Most Helpful Customer Reviews
6 of 7 people found the following review helpful
Format:Paperback
One should take the title serious, it is very much a beginner's guide. If you are not an absolute beginner to the field of speculation about reality you may find it a bit disappointing. Well I did. It is not actually bad. He writes a nice colloquial style, has a lot of cool references to cool films (like the Matrix, if you didn't guess from the cover art), and he ambitiously takes on the task of presenting a introductory glimpse into a field which spans sociology, psychology, various strands of philosophy: classic, analytic, and continental, and even modern physics with a big dollop of quantum mechanics.
Truly impressive to pack all of that into one book with less than 250 pages.

Why wasn't I impressed then? The book comes in three parts, starting with social reality, he works his way down to personal reality, to final reach out for the physical reality. Or actually he keeps reaching out for the unreality of it all. What looks like a intersting slide into the innermost secrets of the universe doesn't really work though, because the questions and problems raised by social reality don't actually lead to question and problems of personal reality, and the questions and problems of the consciousness don't lead up to problems of quantum mechanics. Would reversing the order have helped. I am not sure. In the end all he does is to list some of the theories and arguments generally discussed about each of the three levels of reality.

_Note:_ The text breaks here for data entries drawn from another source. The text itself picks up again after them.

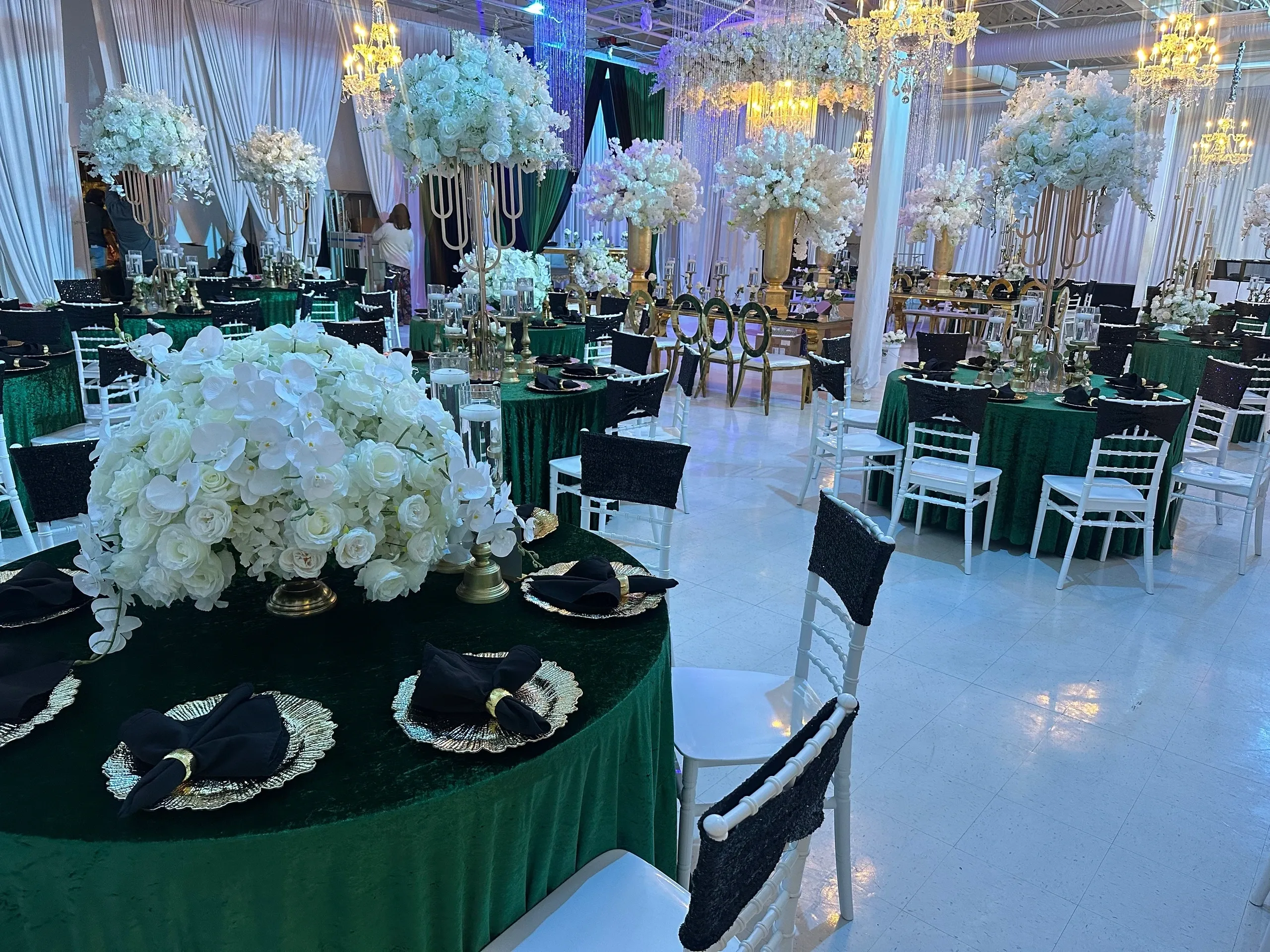 Elegant wedding reception with floral centerpieces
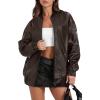 imageXIEERDUO Faux Leather Jacket Women Oversized Motorcycle Bomber Coats Zip Up Sleeve Pocket 2025 Fall Winter ClothesCoffee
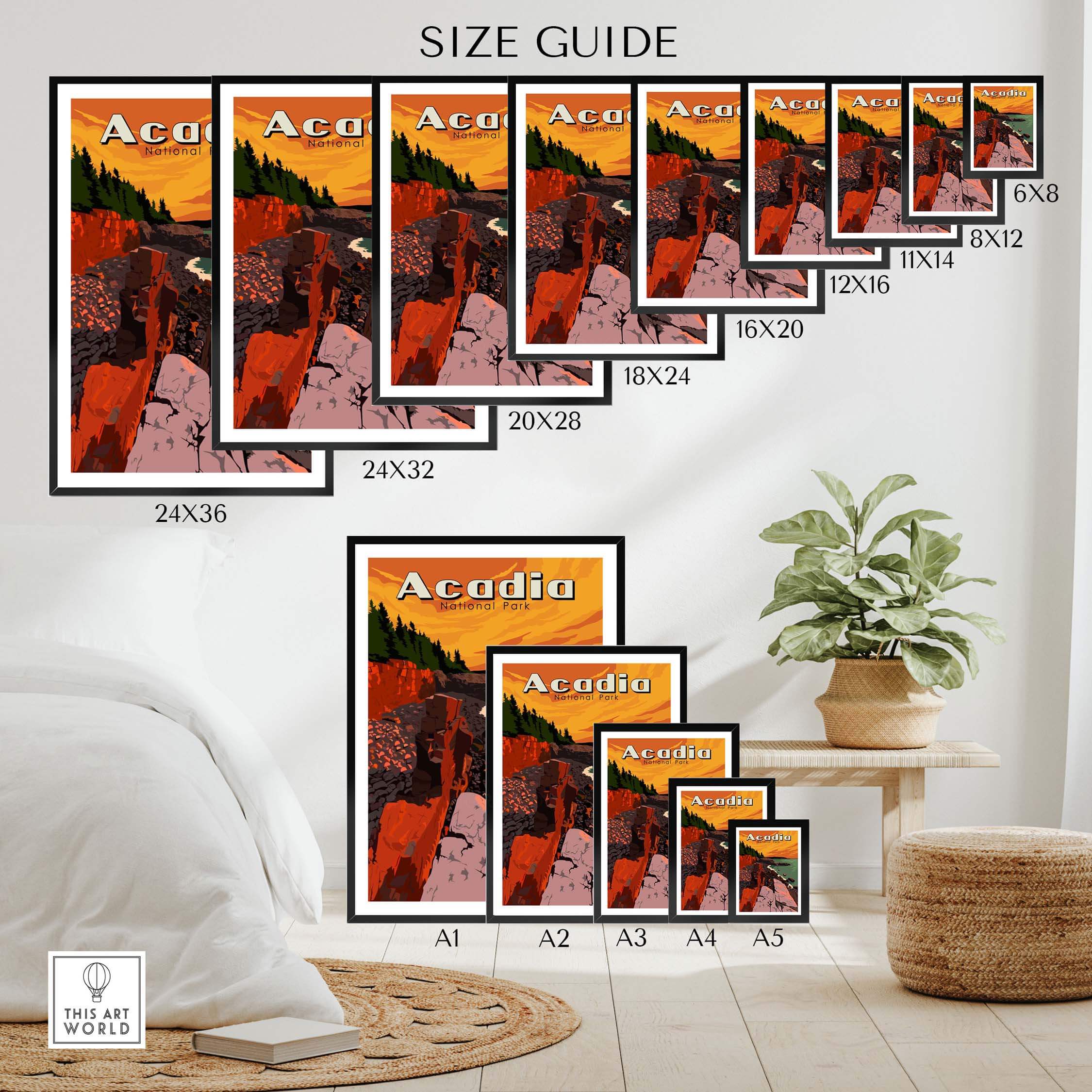 Size guide for Acadia National Park Print, showcasing various frame sizes and styles for home or office decor.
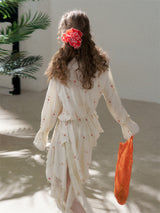 Cotton Embroidered Lace Flower Beads Romantic Dress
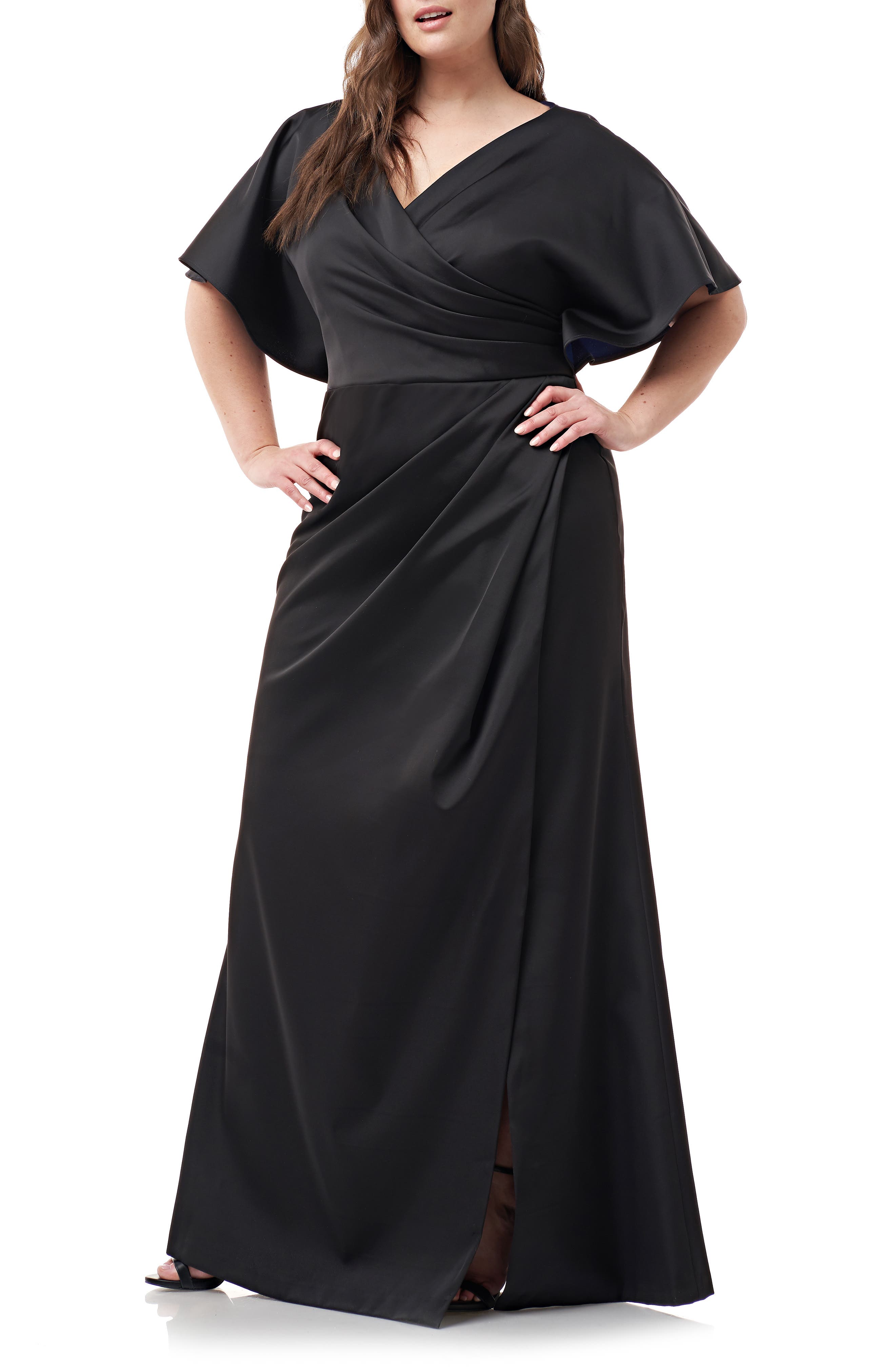 Plus Size Js Collections Faux Wrap Bonded Satin Gown, Black
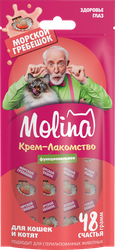Лакомство для кошек MOLINA с морским гребешком, для здоровья глаз, 48г, детальное фото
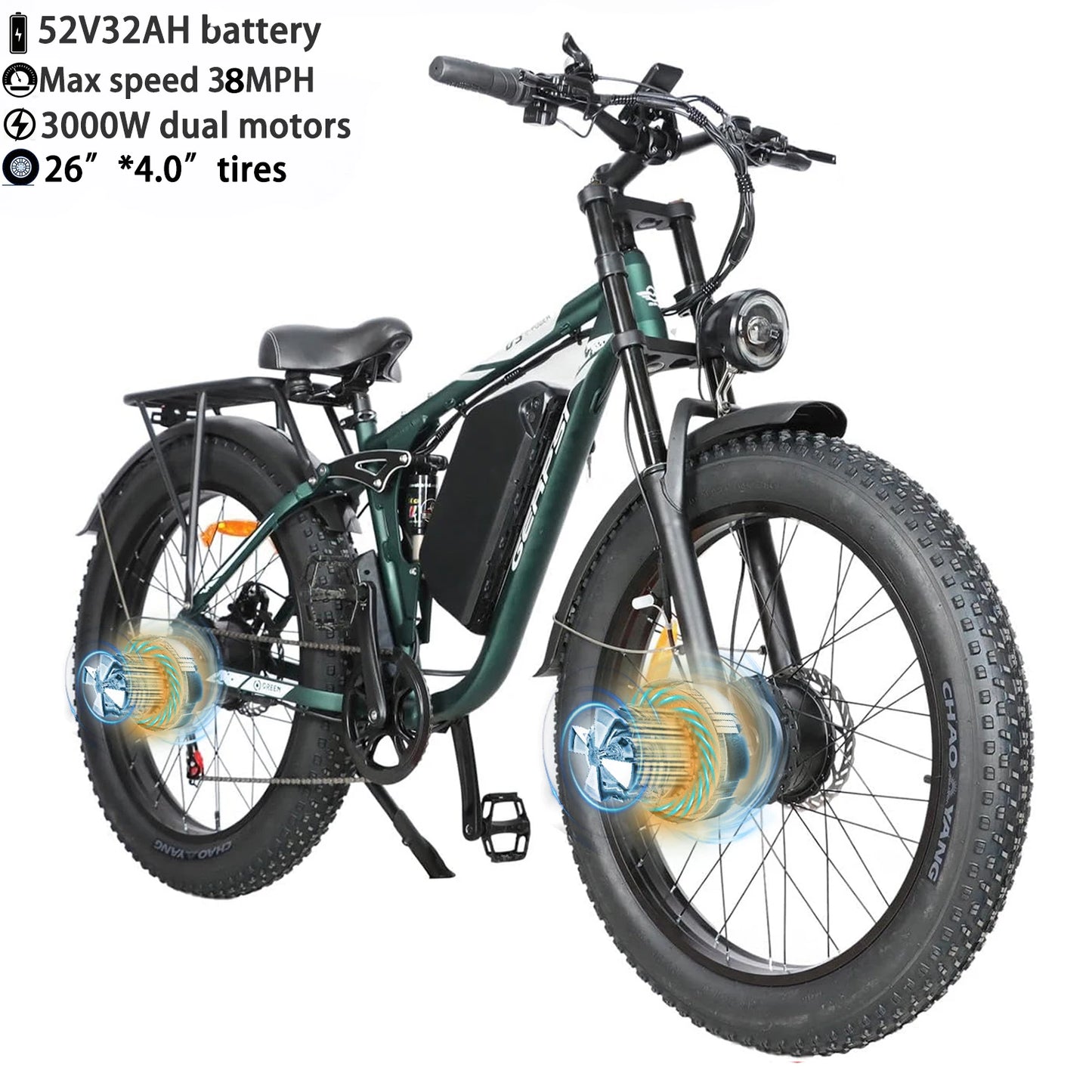 Baolujie Peak Dual Motor Electric Bike 48V Battery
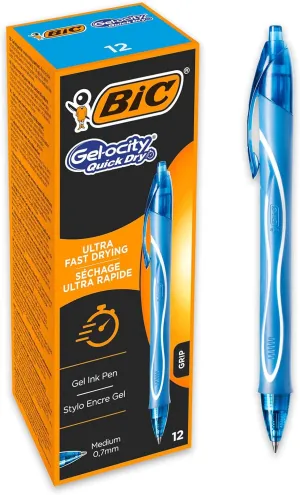 Bic Gel-ocity Quick Dry Gel Pens, Medium Point (0.7 mm), Turquoise, Box of 12, Retractable Pen with Ultra Fast Drying Ink, 964776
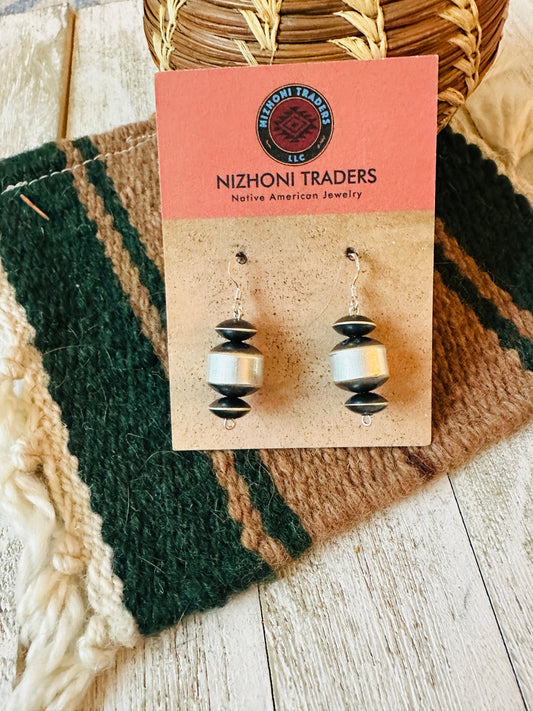 Handcrafted Sterling Silver Beaded Dangle Earrings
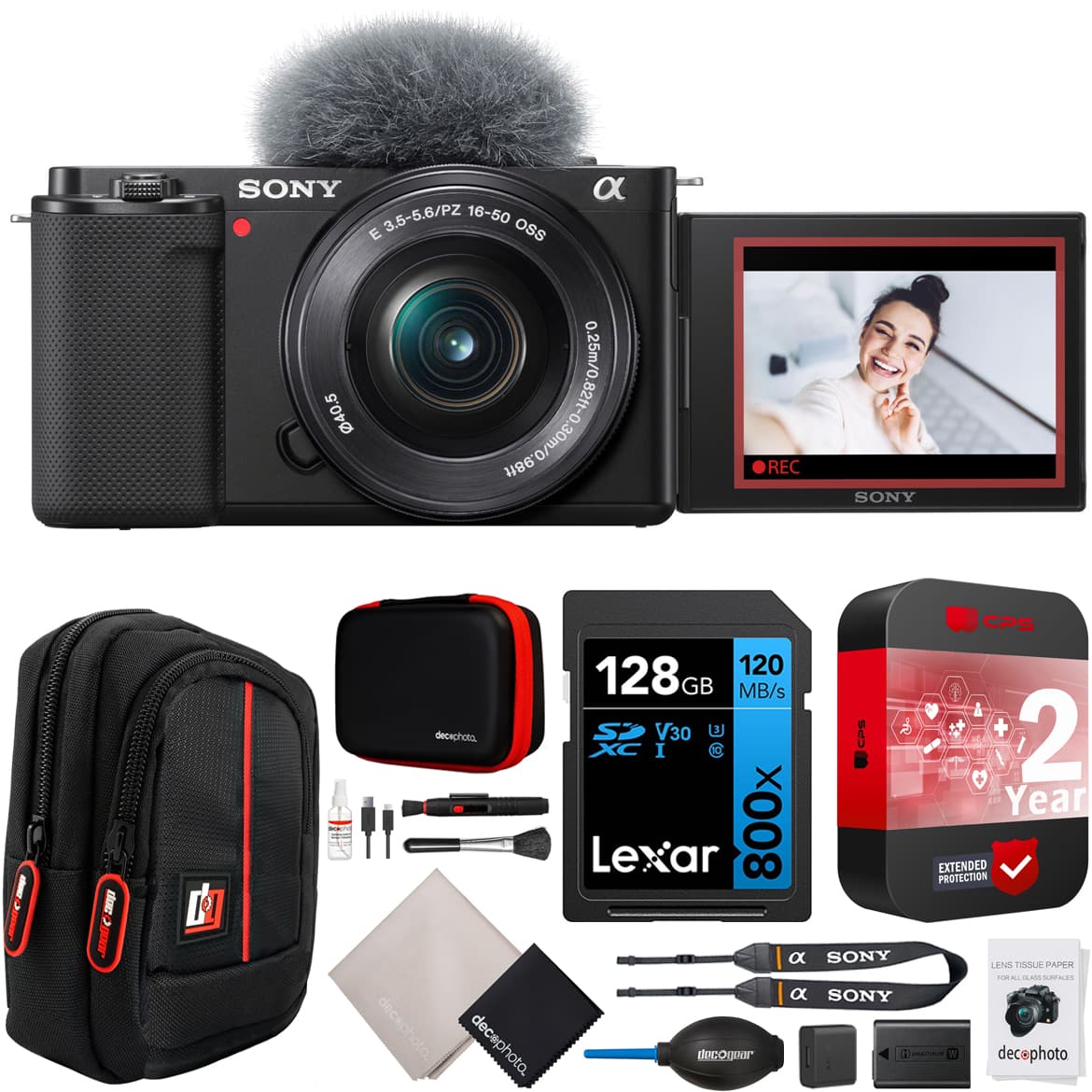 Sony - ZV-E10 Mirrorless Vlog Camera Black + 16-50mm Lens Kit +Extended Warranty Bundle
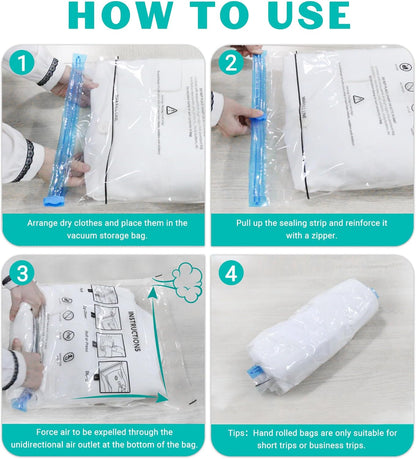 10 Pack Space Saver Vacuum Storage Bags Travel Vacuum Bags for Luggage Clothing Compression Bags for Travel Essentials No Vacuum or Pump Needed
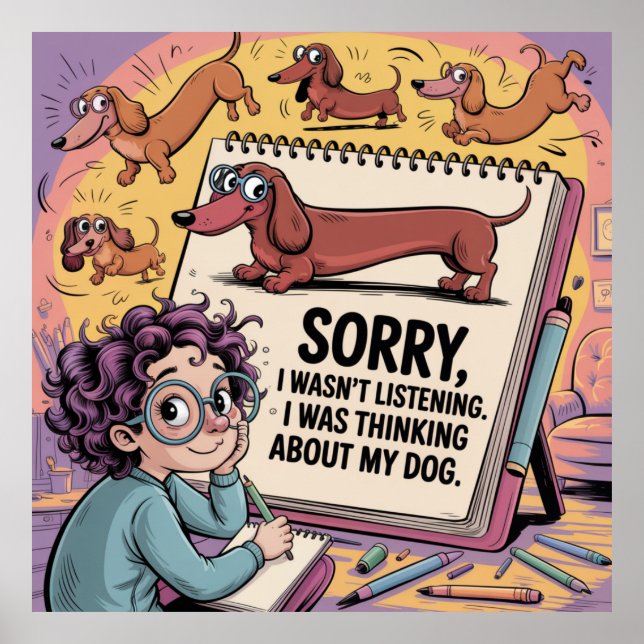 Ich dachte an meinen Hund Poster (Vorne)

Anyway, the biggest problem is that he obviously a physicist who only feels really comfortable in the last part of the book, but even then unfortunately whenever it gets interesting and more involved he just keeps talking about the discussion rather than introducing the reader to it. I guess it would have made the book less small and easy going to try that. But then, he also simply is not the best possible explainer of complicated things. So expect to be edutained rather than educated, you may find you gained some interest in the end but unlikely to get some real insights. The danger, as with all edutainment, might be that one actually thinks one had learned something and only later discovers that one has barely scratched the surface.

Overall, as a point of first contact, it probably does a good job of introducing people to some of the concepts out there and get them interested in the discussion. If you have already made first contact, I'd suggest keep searching for something that provides a bit more intellectual nourishment.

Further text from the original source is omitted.